* **Data section**
Content starts

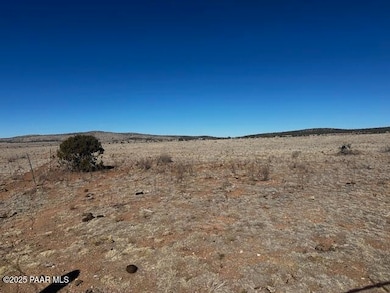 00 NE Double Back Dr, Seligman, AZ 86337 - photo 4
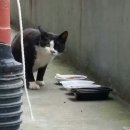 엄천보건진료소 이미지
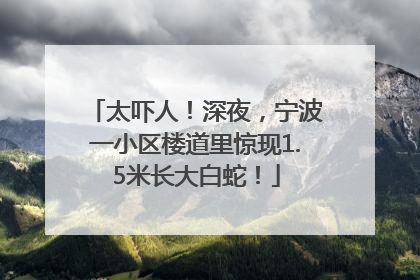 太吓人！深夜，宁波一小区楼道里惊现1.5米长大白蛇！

Content ends

* **To do**
Leaving the images out, retype all the material above exactly.

* **Response box**
 00 NE Double Back Dr, Seligman, AZ 86337 - photo 4
 엄천보건진료소 이미지
 太吓人！深夜，宁波一小区楼道里惊现1.5米长大白蛇！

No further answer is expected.